Only three sections of the capacitor were damaged, so we carefully dissected them. The young man was amazed at the thin foils and dielectrics used in the construction. We miked the foil at .002 (2 mils) inch and the polypropylene plastic dielectric was only .0005 (1/2 mil) inch thick. The experimenter wanted to know why the dielectric was so thin. He reasoned that a 20,000 volt capacitor would require a dielectric thickness of at least 1/8 inch (125 mils) to withstand the 20,000 volt potential. My answers to his questions form the basis for this article.
A capacitor consists of a dielectric sandwiched between two metal plates. The dielectric material consists of atoms and molecules intimately interconnected with a variety of electrons in different orbital levels. A potential difference applied across the dielectric tends to stretch the electron orbital shapes in much the same way a rubber band can be stretched. This process is called dielectric polarization. There are three types of dielectric polarization: electronic, atomic, and dipolar.

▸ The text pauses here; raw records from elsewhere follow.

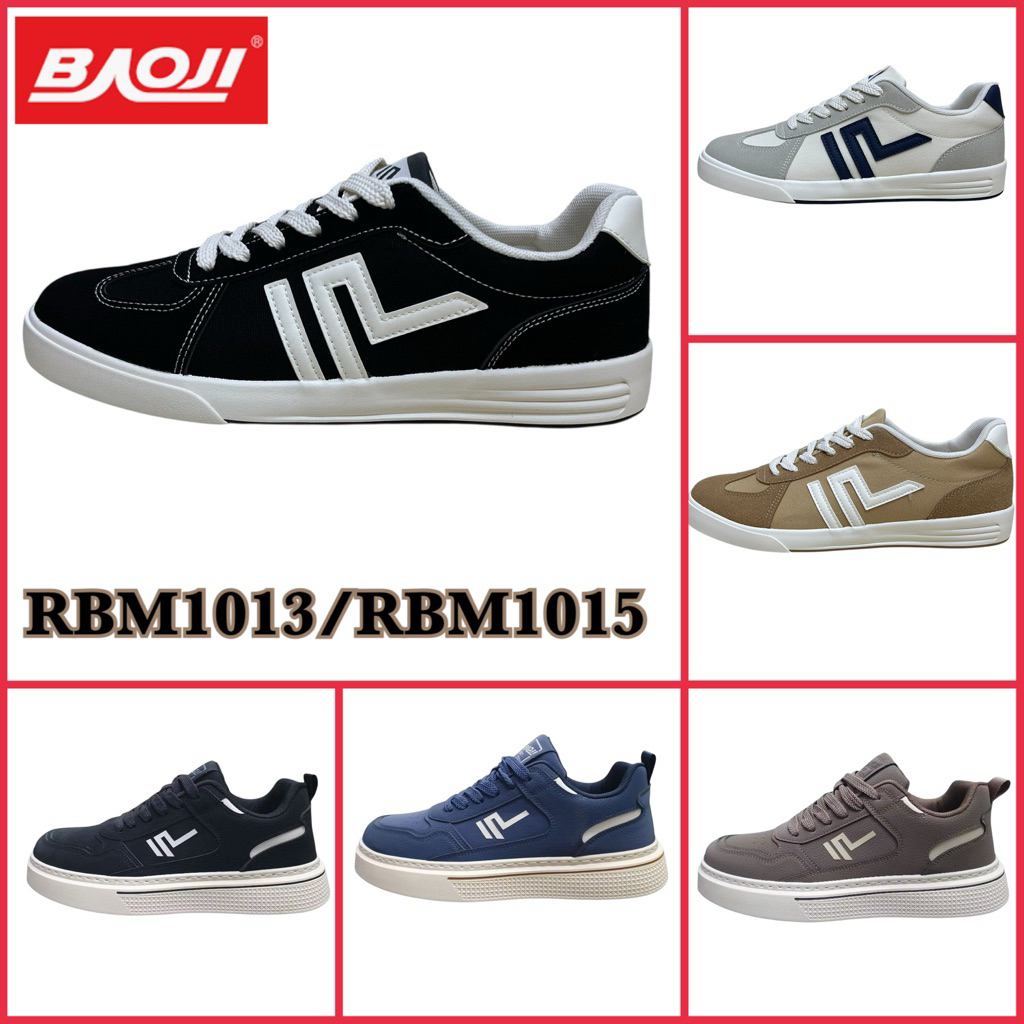 BAOJI BRM1013 / BRM1015 รองเท้าผ้าใบหนังชาย บาโอจิ ไซส์ 41-45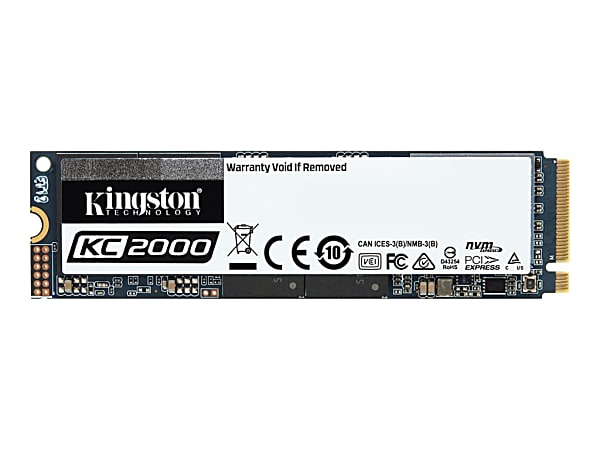 Kingston KC2000 - SSD - encrypted - 1 TB - internal - M.2 2280 - PCIe 3.0 x4 (NVMe) - 256-bit AES - TCG Opal Encryption 2.0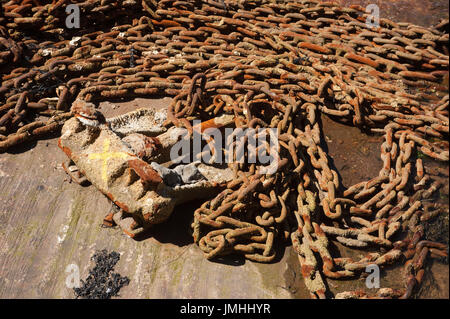 Rusty Chain and Anchor Stock Photo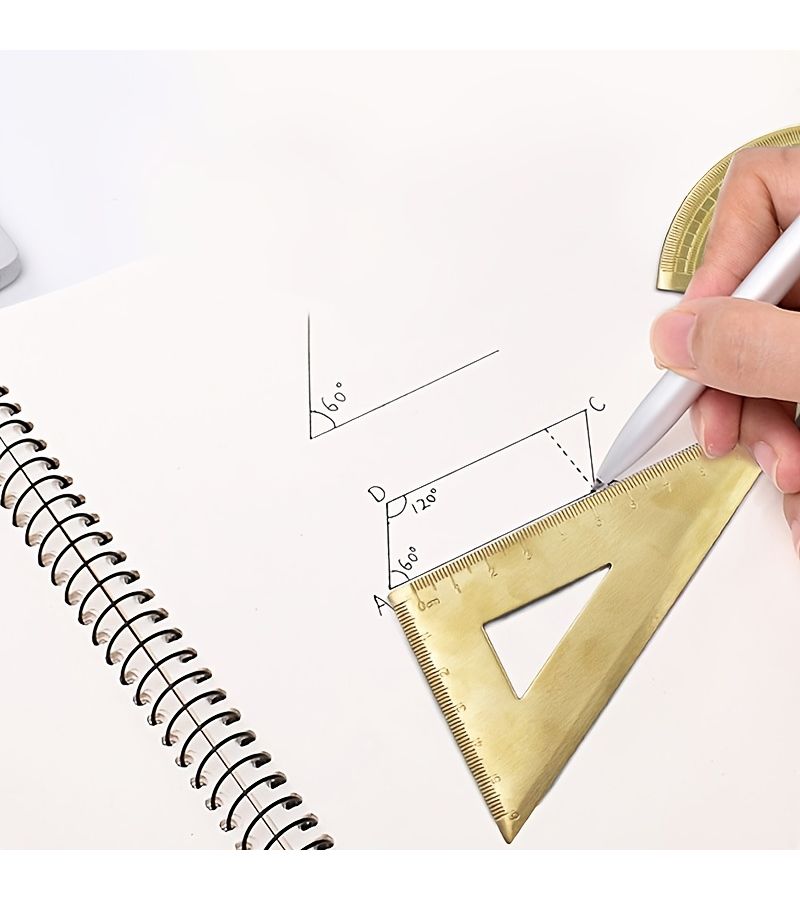 Brass Right Angle Triangle Ruler Semi Circular Protractor Precision Measuring Drawing Tool - Image 4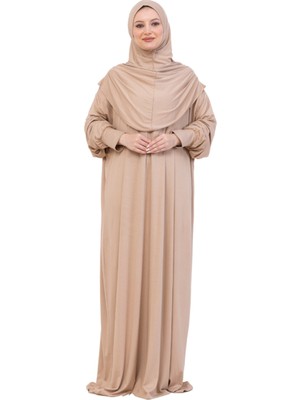 Modish Group Tek Parça Namaz Elbisesi Seti, Viskon Yumuşak Tesettür Abaya, Rahat Hazır Şal Başörtüsü Takım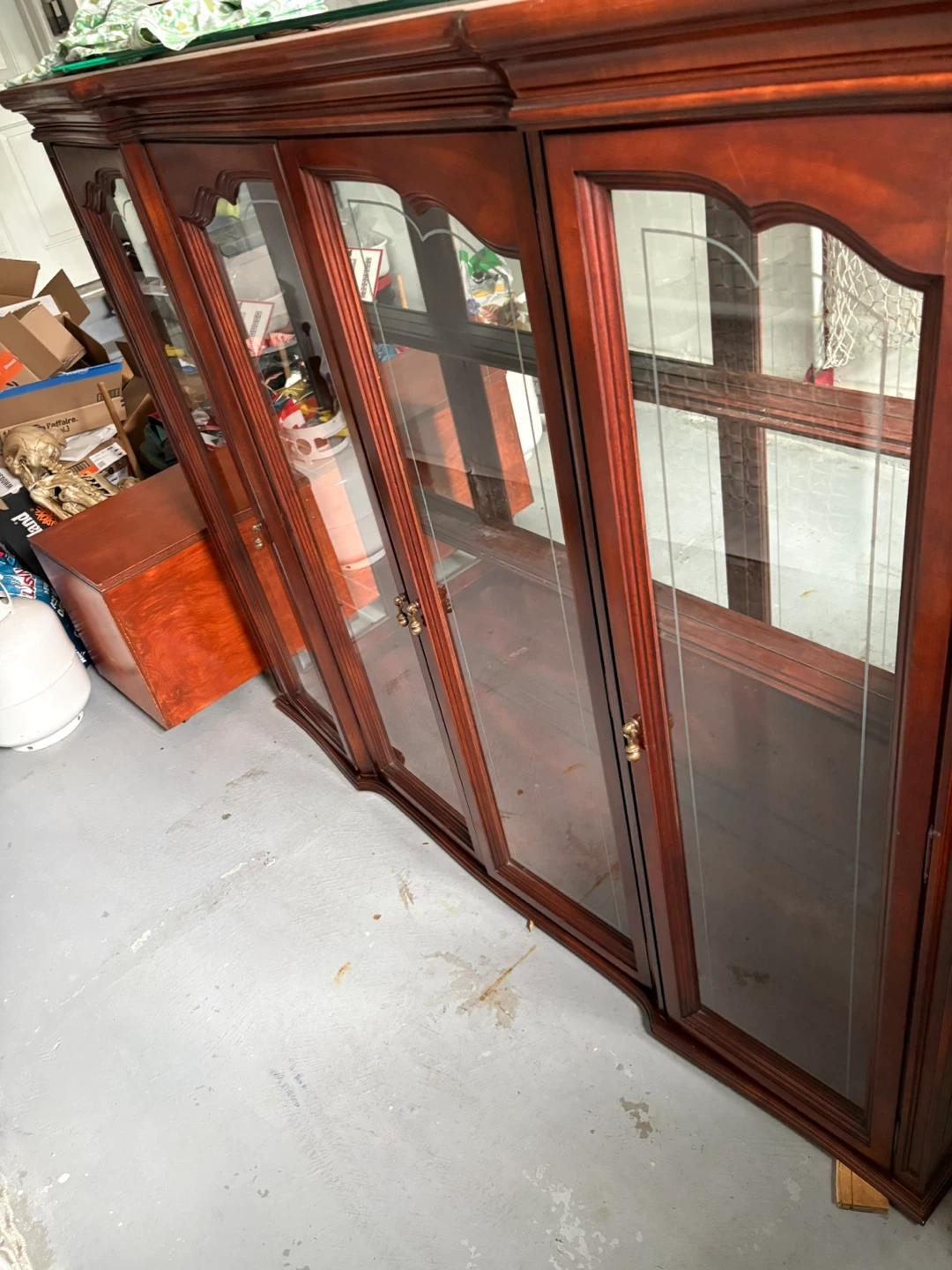 Traditional Wood and Glass Display Cabinet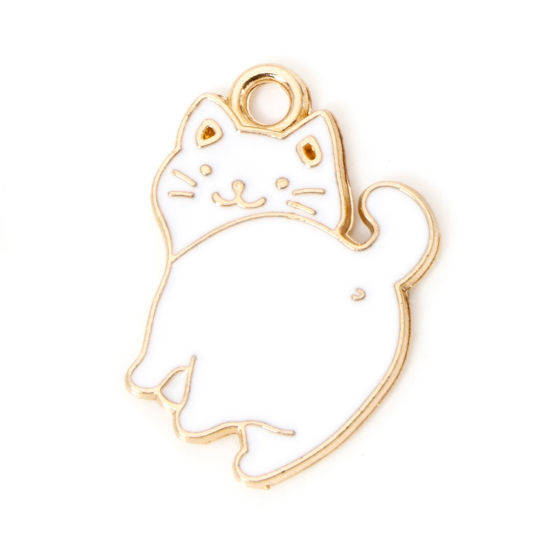 Image de 50 PCs Zinc Based Alloy Charms Gold Plated White Cat Animal Enamel 17mm x 16mm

An alternating current applied to the dielectric produces dielectric polarization. As soon as the current reverses direction, the stretched orbitals try to resist the change in applied forces. The result is somewhat like trying to stop an automobile in motion and expecting it to quickly reverse direction. As the capacitor begins to try to charge in the opposite direction, the electrons have to reverse direction, and even though they are quite small, they still have properties of momentum which obey Newton's Laws of Motion. Not all electrons are able to change direction of travel, and the resultant action has both properties of kinetic and harmonic motion. The larger the mass of material between the plates, the more resistance there is to charge reversal.

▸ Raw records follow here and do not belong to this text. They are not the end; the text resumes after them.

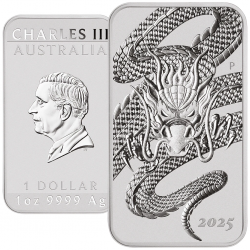 . 1 aaaaaaaacoin @4/JULIO Envío@ AUSTRALIA 1 DOLAR 2025 DRAGON - CARLOS III Forma de LINGOTE MONEDA PLATA ONZA OZ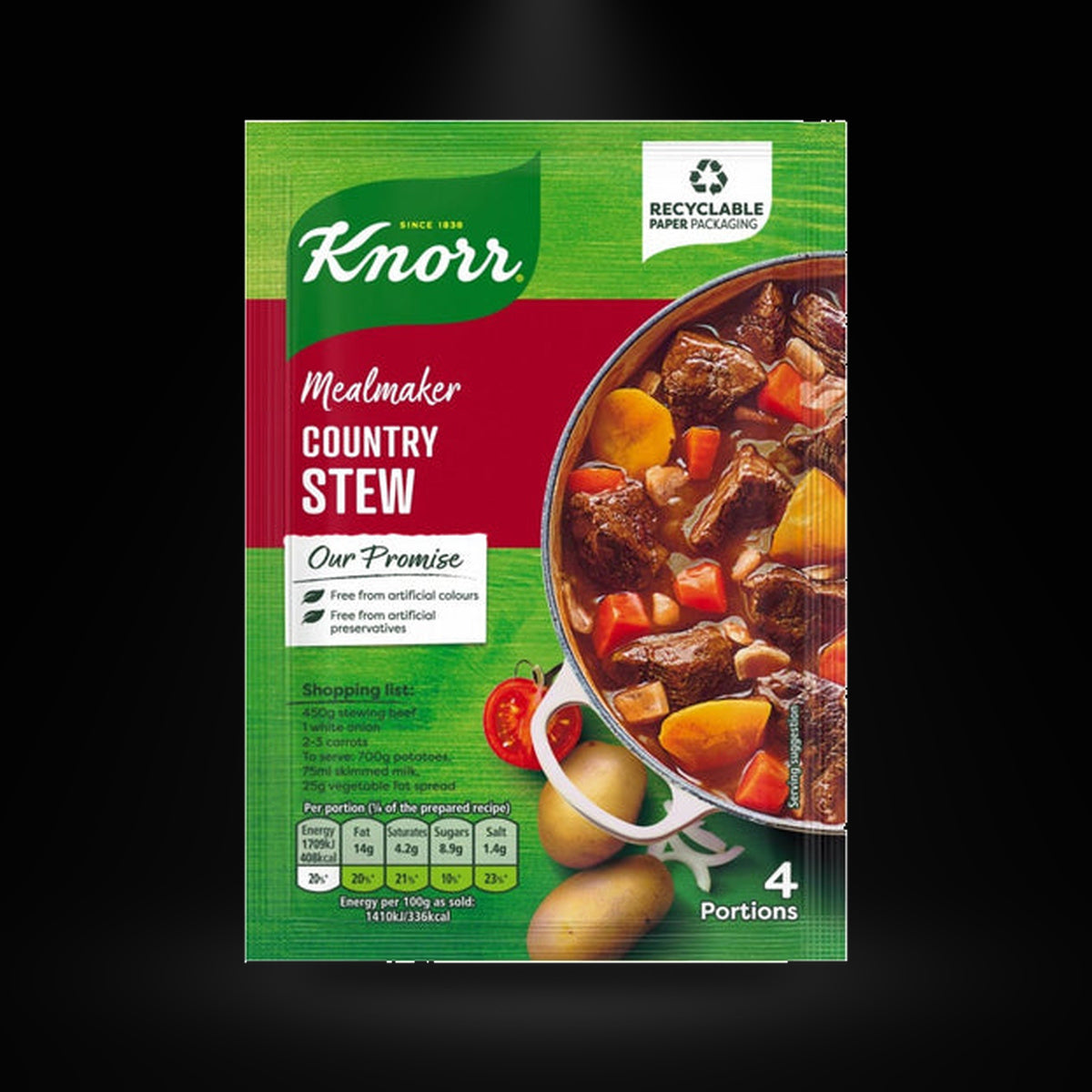 Knorr Country Stew on a black background with an overhead spotlight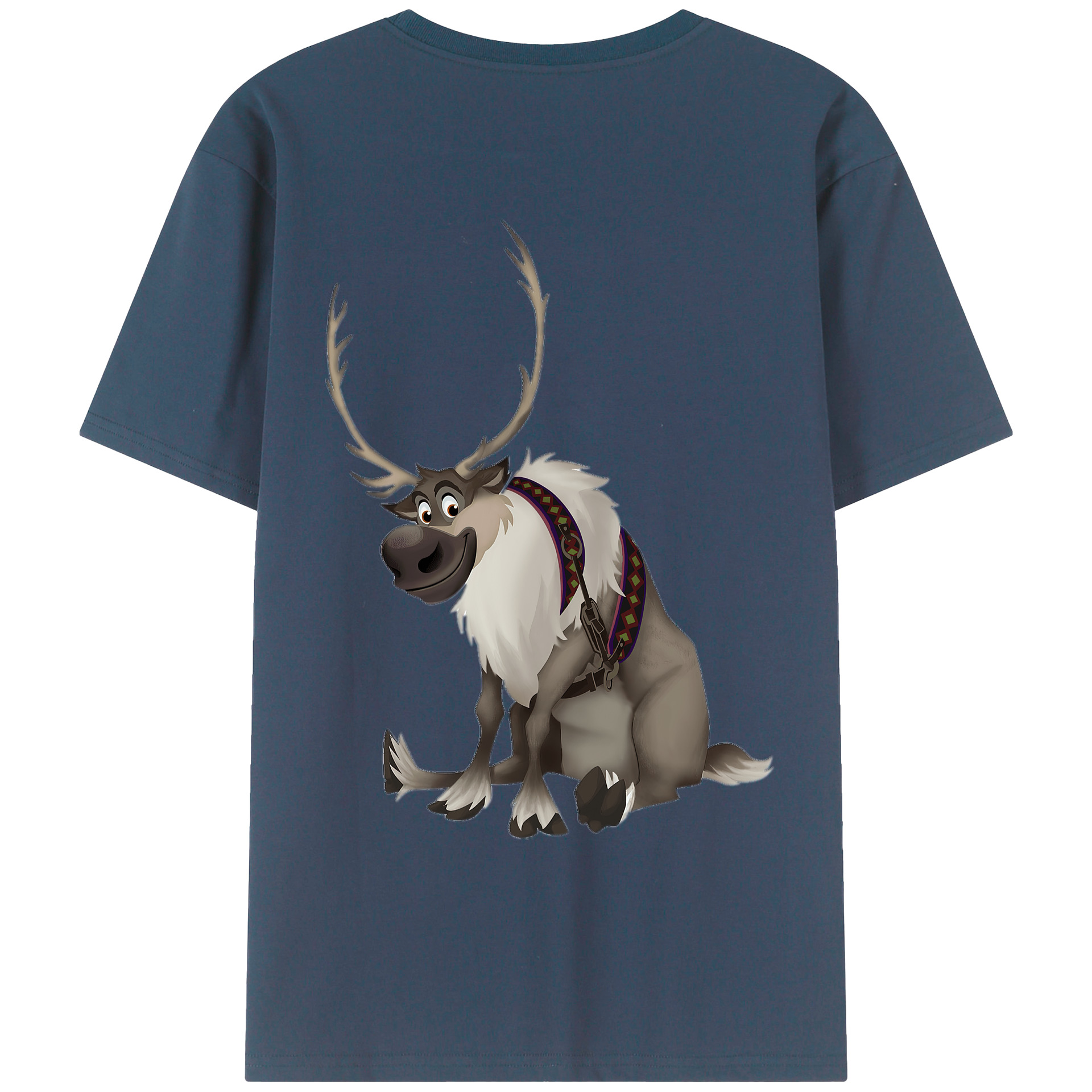 （画像用） アナと雪の女王 アンナ エルサ Frozen Anna Elsa 綿100％ メンズ半袖Tシャツ（バックプリント） 通気性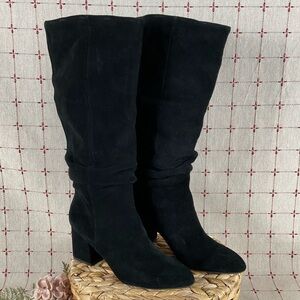Splendid “Phyllis” Black Suede Slouchy Boots Mid Calf Slouch Heeled Boot Sz 6
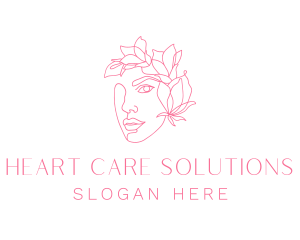 Flower Woman Face logo design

As the electrical circuit nears resonance, the constant displacement of electrons becomes large and produces a large displacement of energy within the dielectric material. These displacements produce heat which causes the dielectric constant of the material to increase slightly. This displacement with its associated momentum lag causes the charging current to begin lagging the charging potential. This phase shift phenomenon varies between different dielectric materials, and this is called the polarization loss tangent angle.
The key element in all these different types of polarization and phase shift losses is the thickness of the dielectric. Thin dielectrics produce much less polarization and thermal losses, especially near resonant frequencies where both circulating currents and potentials increase dramatically. Most Tesla oscillator circuits see potential resonant rise on the order of double the applied rms potential. Current resonant rise is on the order of 500-1000% for small neon transformer powered circuits, and in the range of 1000-5000% for high power circuits operating in the 4-15 kva range.

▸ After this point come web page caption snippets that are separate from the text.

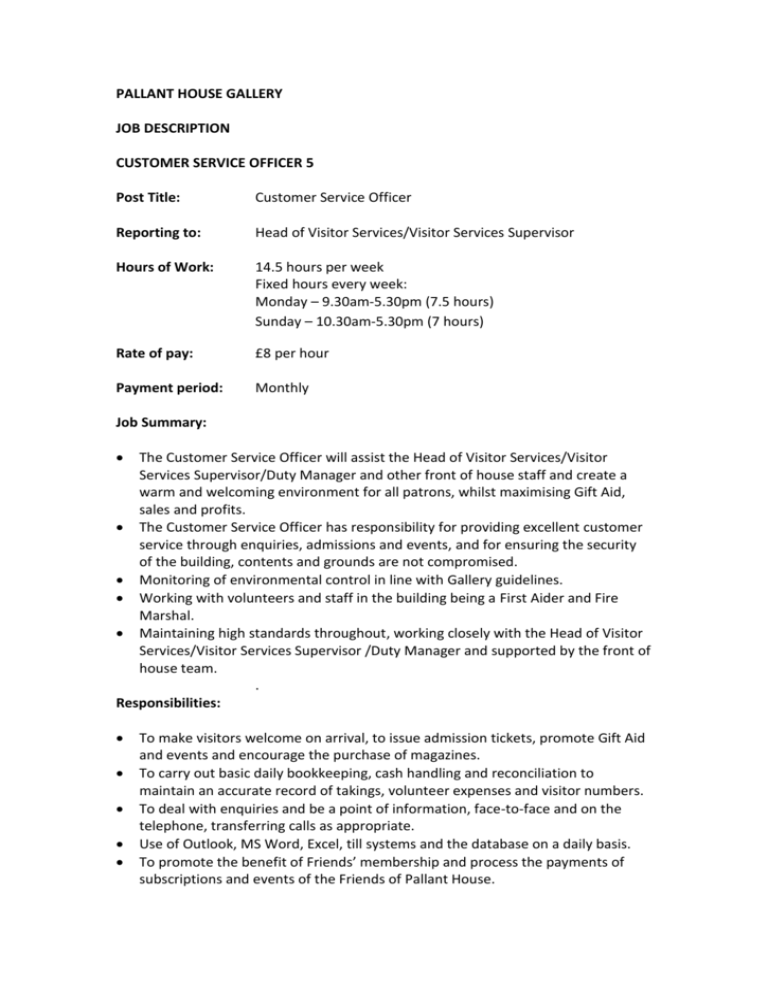 Business Services Officer Job Description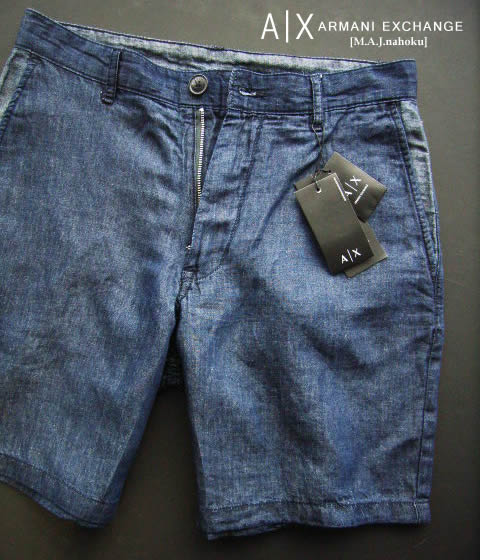 8914新品★アルマーニエクスチェンジ ARMANI EXCHANGE★A|X インディゴ麻リネン短パン3040★紺★28★MENS★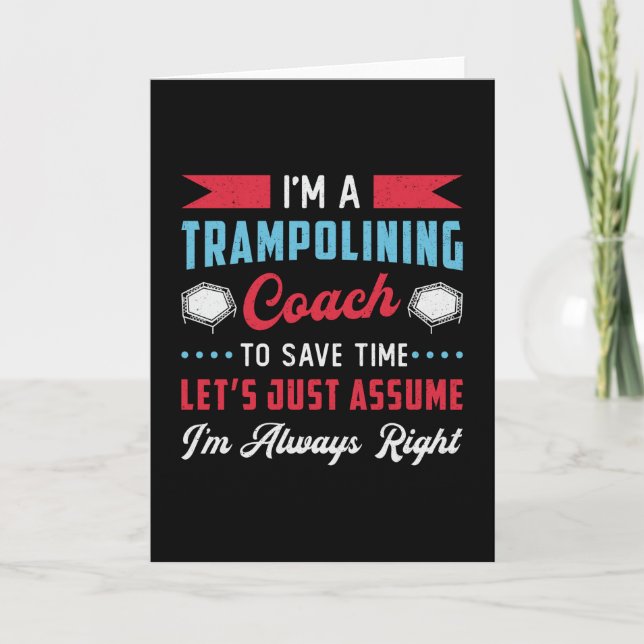 I'm A Trampolining Coach Trampoline Jump Gymnast Card (Front)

Another major factor affecting dielectric performance is failure caused by internal ionization. Even in modern capacitor construction practice, the complete exclusion of gas pockets from the body dielectric insulation is virtually impossible, and often the economics of the application dictates the degree of gas pocket elimination from the insulation. Vacuum impregnation of the dielectric is frequently employed when the dielectric is to be highly stressed.
The presence of gas pockets can cause failure of the dielectric material through progressive discharge (corona) in the gas pocket (see figure 1). This is usually a function of the duration of the time of stress application and frequency as well as the degree to which the major insulation is stressed above the ionization threshold.